By way of introduction, I’m Steve Litras, and I’m the new Lead Evangelist at Cribl. For the last 15 years, I’ve been focused on solving IT problems across the board (storage, hosting, enterprise applications, etc.) for a company called Autodesk (If you have ever bought a new car, remodeled your home, or watched a movie with great special effects, know it or not, you’ve seen what Autodesk customers do with Autodesk’s products). During most of that time, I was an advocate of using our log data to streamline IT Operations, solve problems, and understand the efficacy of our environments.

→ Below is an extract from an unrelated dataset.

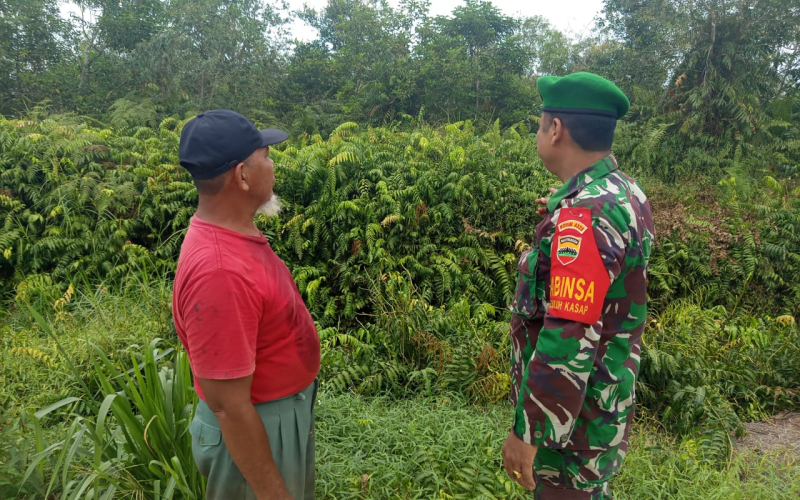 Cegah Potensi Karhutla, Babinsa Aktif Lakukan Patroli di Dumai Barat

At Autodesk, we ran into the same problems that many Splunk customers do – our volume of log data and our desire to retain that data was much larger than our budget could support. We scaled our Splunk license continuously but always seemed to be turning off the ingestion of large chunks of logs to ensure that we’d not exceed our license. We looked at alternatives, like Elastic, that allowed us to make different tradeoffs (e.g. ingest everything, but retain less), and we never were quite able to really get the value out of our investment that I knew was possible.
Last year, I was introduced to Cribl LogStream, and had that same kind of epiphany I had that first day with Splunk. I immediately saw that it was a way to help me get the most important data into the right tool and get the most value out of those tools, while at the same time meeting my retention requirements at minimal cost and opening up new uses for the data I was collecting. As I engaged more with the Cribl team and came to understand the vision for the product, my enthusiasm grew.
When I decided, late last year, that it was time for me to move on from Autodesk, Cribl was one of a couple of companies that I was really interested in joining. After some initial conversations with the leadership team and a chance to understand the long term vision and the roadmap, it became obvious to me that this is where I want to be. The role that Clint suggested, the one I’m now in, gives me the opportunity to advocate for something I’m passionate about – the value of machine data to a modern enterprise, and hopefully bring an additional “voice of the customer” to the company.
You’ll be seeing content from me around solving business problems and improving operational capabilities with machine data. I’ll be focusing on content and solutions from a business perspective to complement the great technical content about the product that our founders and my other colleagues create.